» Task brief
The records are to be copied word for word, and the pictures dropped.

──────── Data extract

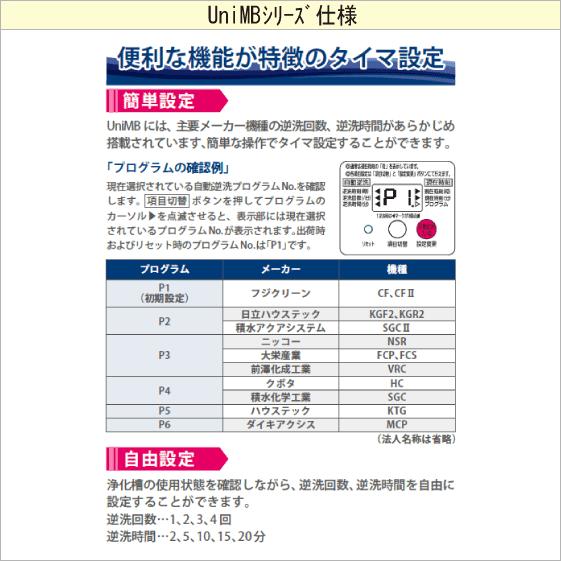 浄化槽　ブロワ(CFB70,MP-70W,MB-80WT,MB-80W,EL-80M,LAG-80,MP-70WY,EP-80EL,EP-80ER後継品)　UniMB80　ブロア　フジクリーン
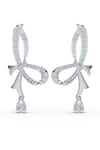 Buy_Kicky & Perky_Designer Moissanite Silver Danglers Earrings _at_Aza_Fashions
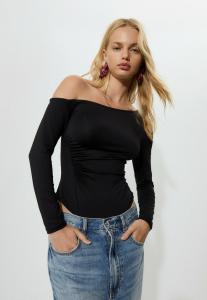 Топ Stradivarius Long sleeved top, Black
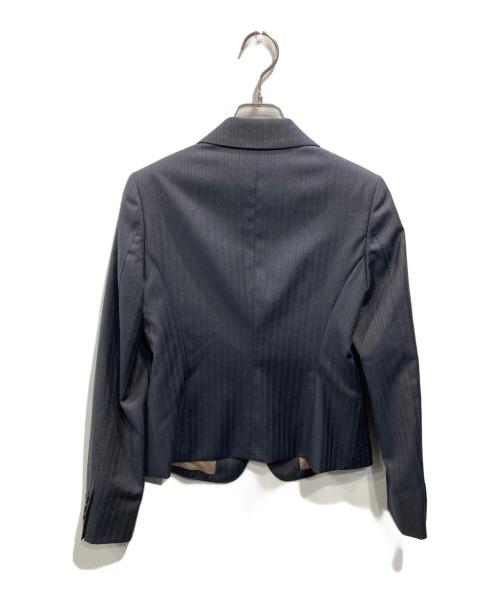 NEWYORKER（ニューヨーカー）NEWYORKER (ニューヨーカー) LANFICIO F.LLI CERRUTIファブリック セットアップ グレー サイズ:7の古着・服飾アイテム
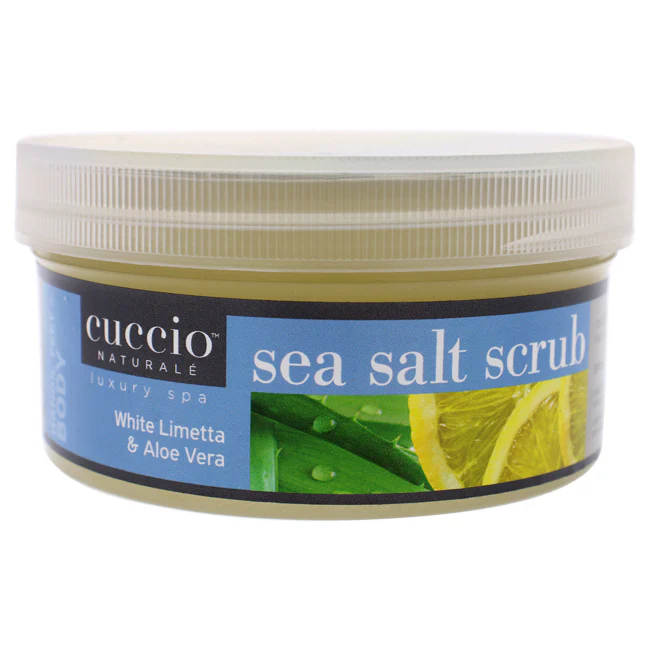 Cuccio Sea Salt Scrub - White Limetta and Aloe Vera by Cuccio for Women - 19.5 oz Scrub - Olabens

────────────────

» Answer space
 浄化槽　ブロワ(CFB70,MP-70W,MB-80WT,MB-80W,EL-80M,LAG-80,MP-70WY,EP-80EL,EP-80ER後継品)　UniMB80　ブロア　フジクリーン
 Buy_Kicky & Perky_Designer Moissanite Silver Danglers Earrings _at_Aza_Fashions
 Топ Stradivarius Long sleeved top, Black
 NEWYORKER（ニューヨーカー）NEWYORKER (ニューヨーカー) LANFICIO F.LLI CERRUTIファブリック セットアップ グレー サイズ:7の古着・服飾アイテム
 Cuccio Sea Salt Scrub - White Limetta and Aloe Vera by Cuccio for Women - 19.5 oz Scrub - Olabens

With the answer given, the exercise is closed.